Música, Reforma e Pandemia (parte 3)

Entre os feitos da Reforma liderada por Martinho Lutero, no século 16, está a aproximação das pessoas da Teologia, também através da música. Confira a entrevista realizada com o pastor Ezequiel Blum, de Balneário Camboriú, SC.

* Acompanhe também a matéria completa do Mensageiro Luterano, acessando aqui.

Lutero, entre tantas outras coisas, colocou letra cristã em músicas populares. Você acha que essa também foi uma forma de evangelizar? E hoje, de que forma podemos levar Cristo para Todos através da música?

Lutero foi muito eficiente em sua pregação, também através da música, e muito atual para o seu tempo. Certamente a música foi um instrumento muito eficaz de evangelização na época, assim como ainda pode ser.

Não significa que devamos simplesmente copiar as estratégias de Lutero para os dias de hoje. São outros tempos, mas podemos tirar lições. Penso que, especialmente com a facilidade de divulgação pelas redes sociais hoje em dia, quanto mais investirmos tempo e nas mais diversas formas e estilos musicais, mais chance teremos de atingir as pessoas. Há espaço para muitas formas, pois as pessoas são diferentes e têm gostos musicais diferentes.

E precisamos sempre lembrar que, dentro da igreja, não somos concorrentes para levar o evangelho através da música, não podemos simplesmente ter o objetivo de conseguir mais curtidas e compartilhamentos do que um outro que também leva a mesma mensagem do evangelho. Somos parceiros, cada um atingindo um grupo diferente de pessoas, e, juntos, podemos atingir um número incrível. O que mais importa é um apoiar o outro, ajudar a divulgar e não ter medo de se arriscar, colocando seu dom à disposição e buscando aprender cada vez mais para levar da melhor maneira possível a mensagem de Deus.

Nesse período de pandemia, isolamento e igrejas fechadas, pode-se dizer que a parte musical também precisou ser reestruturada para continuar. Muitas adaptações para os músicos, que não podiam mais fazer seus shows, mas também para as congregações, que tinham seus momentos de louvor em comunhão entre os irmãos. Para você, quais as principais adaptações que precisaram ser feitas com a pandemia?

Durante a igreja fechada, aprender sobre transmissão foi fundamental. Aprender a fazer uma simples gravação também já poderia ser um grande desafio. No retorno das atividades, ainda em meio à pandemia, também tivemos diversos desafios com os músicos. Um deles, obviamente, era a questão de seguir as normas, com obrigatoriedade de uso máscara até mesmo para cantar, bem como a organização do espaço por causa do distanciamento social.

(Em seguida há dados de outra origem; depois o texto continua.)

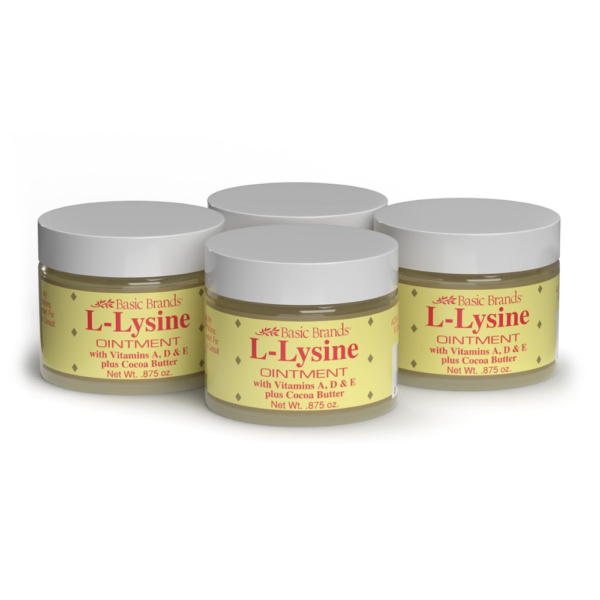 L-Lysine Ointment - 0.875 oz - Lysine Cold Sore Treatment and Blister Relief - Soothes Lips – 4 Pack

Mas um outro grande desafio foi o fato de agora termos os cultos transmitidos. A partir disso, não era mais só equalizar o som que se ouvia na igreja, também tinha a transmissão. E, acreditem, é “outro mundo” trabalhar assim. Entre erros e acertos, fomos aprendendo, e ainda temos muito a aprender. Vale destacar ainda que, com a intensificação das produções musicais, também passamos a ter mais recursos musicais disponíveis na internet (músicas de conteúdo adequado e gravadas por membros da nossa igreja), facilitando o uso dentro dos cultos e transmissões.

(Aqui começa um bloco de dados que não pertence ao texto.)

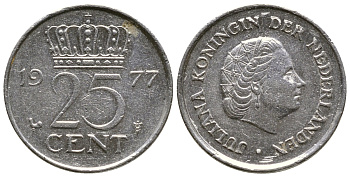 Нидерланды 25 центов 1977 Юлиана (1948-1980) KM 183 никель 4383-1119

Hoje, facilmente um irmão na fé pode participar do culto da minha congregação através de um vídeo, mesmo que more centenas de quilômetros de distância. Não que isso não fosse possível antes, mas a quantidade e a qualidade de materiais foram se intensificando. E penso que isso foi uma grande conquista, além, é claro, das lives musicais a que tivemos a oportunidade de assistir e participar cada vez mais.

Você vê as mudanças que ocorreram com a pandemia como se fossem novamente uma “reforma” no jeito de ser igreja?

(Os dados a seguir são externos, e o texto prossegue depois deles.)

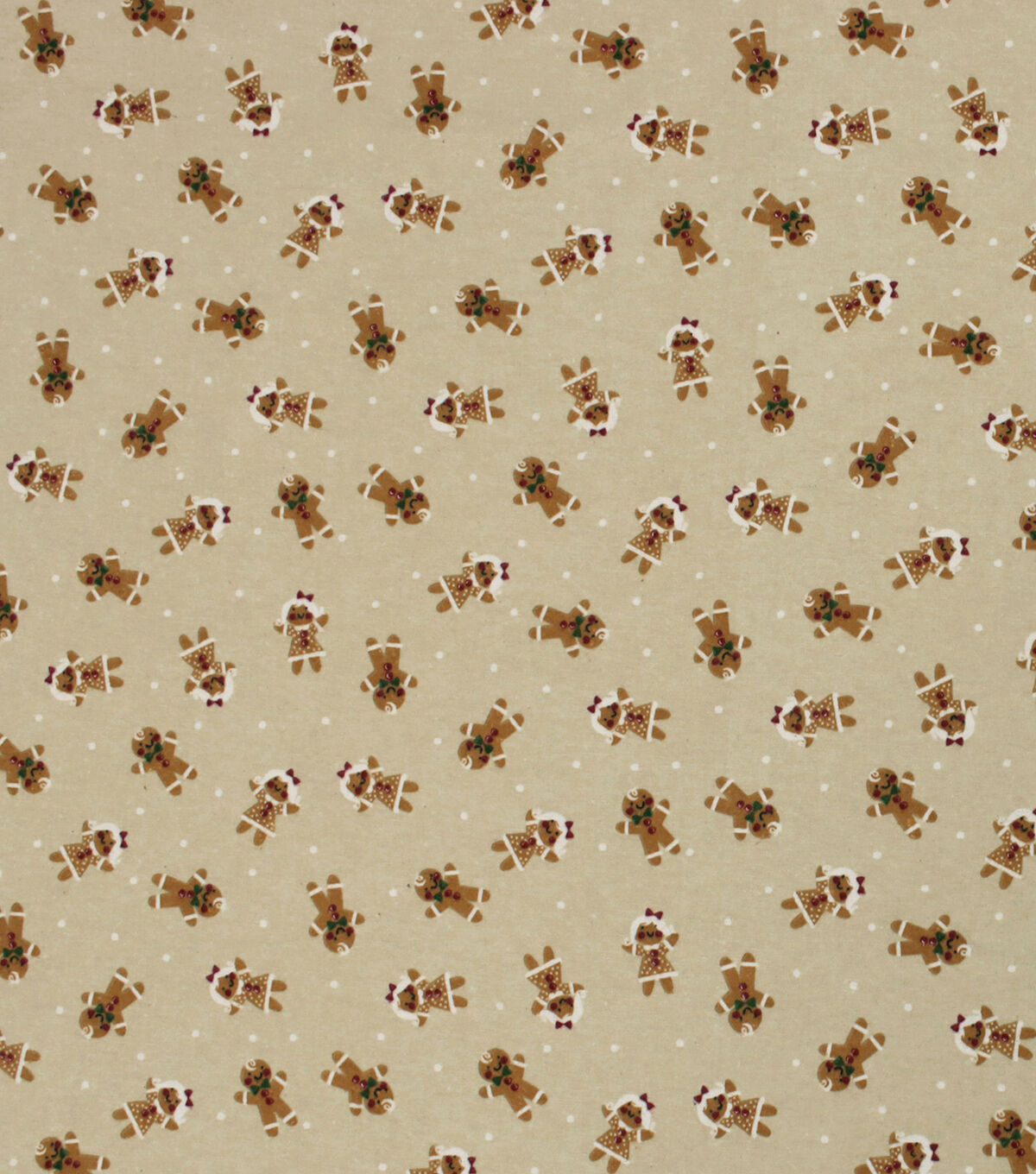 Gingerbread Men & Dots Super Snuggle Christmas Flannel Fabric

Em certo aspecto, podemos dizer que passamos por uma “reforma” constantemente, mas no que diz respeito à forma, não ao conteúdo. Na época de Lutero, a Reforma tinha seu foco no conteúdo do evangelho, que estava desviado. E ele também aproveitou muito bem o que tinha à disposição na sua época. Precisamos nos adaptar ao tempo em que vivemos, porém não podemos mudar o conteúdo que temos. Em se tratando da “reforma” no jeito de ser igreja, a pandemia veio para ser um marco na história. Não só na igreja, mas também nela. Não foi com um estudo pensado, planejado, verificando adaptações necessárias para o momento. Foi uma obrigação que nos levou a estudar e buscar a melhor adaptação, a melhor “reforma”.

É difícil mensurar se isso nos levou a aproximar as pessoas de Jesus ou não, pois muitos membros se afastaram da igreja, ao mesmo tempo em que mais pessoas passaram a ouvir a pregação do evangelho pelas redes sociais. Certamente, as novas formas com que aprendemos a lidar vão muito mais longe do que um templo fixo, com programações apenas presenciais. Entendo que estas novas adaptações ao menos facilitaram ao evangelho a chegar mais longe, podendo entrar até mesmo numa casa onde ninguém mais poderia entrar, a não ser o próprio morador. Assim, em questão do número de oportunidades e dos meios utilizados, podemos dizer que hoje conseguimos levar Jesus a mais pessoas.

Lutero também usou a música popular para aproximar as pessoas da teologia. Em nossos tempos, seria também uma forma de pensar na oportunidade e falar de Jesus?

Entendo que a variedade atinge o maior número de pessoas. Acredito que a resposta para estas questões nunca será abandonar o que é tradicional em busca do mais contemporâneo, mas tentar entender que as duas questões são válidas e precisam ter o seu momento. Precisamos valorizar a história dos nossos hinos e compositores, porém nunca parar de compor novas músicas e buscar novos estilos.

Vivemos tempos em que muitos estilos musicais chamam a atenção, até mesmo os considerados “antigos”. Mas também aquilo que é atual, obviamente. Um determinado grupo de pessoas pode preferir um estilo, enquanto outro grupo pode não gostar tanto. Talvez tenhamos mais perguntas do que respostas para isso. E levantar perguntas nos leva a uma reflexão madura e decisões mais acertadas. Mas, de qualquer maneira, independentemente da forma que vamos usar, precisamos cuidar com o conteúdo que será apresentado.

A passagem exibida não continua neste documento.